Work instructions
Repeat only the lines from the one that contains "Pohon Tumbang, Kendaraan" through the final line of the listing below, exactly, please, without pictures.

Given information
◆ ◆ ◆

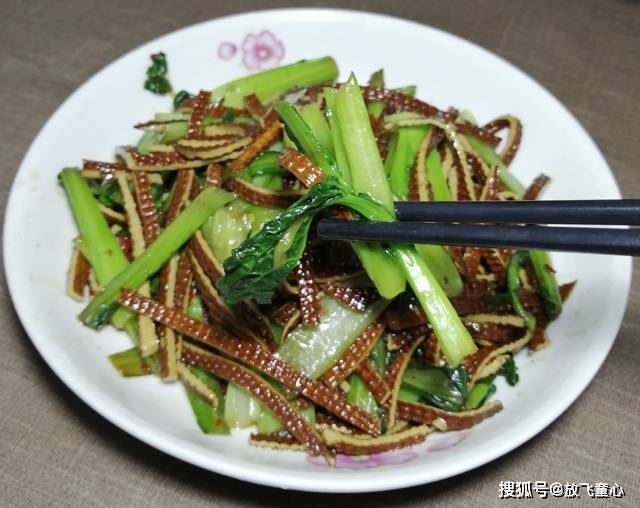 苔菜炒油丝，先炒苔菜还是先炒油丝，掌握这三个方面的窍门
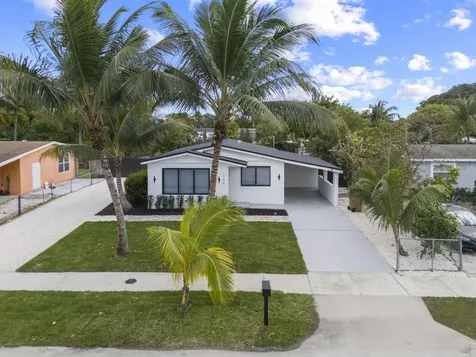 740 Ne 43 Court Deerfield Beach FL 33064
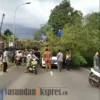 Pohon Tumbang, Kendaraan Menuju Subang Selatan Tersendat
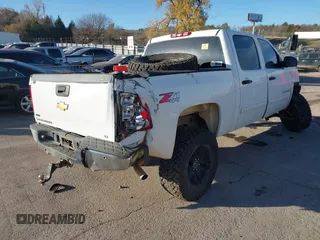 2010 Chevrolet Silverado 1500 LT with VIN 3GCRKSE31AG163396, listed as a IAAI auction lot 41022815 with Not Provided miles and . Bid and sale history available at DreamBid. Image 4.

◆ ◆ ◆

Answer for this exercise
 Pohon Tumbang, Kendaraan Menuju Subang Selatan Tersendat
 2010 Chevrolet Silverado 1500 LT with VIN 3GCRKSE31AG163396, listed as a IAAI auction lot 41022815 with Not Provided miles and . Bid and sale history available at DreamBid. Image 4.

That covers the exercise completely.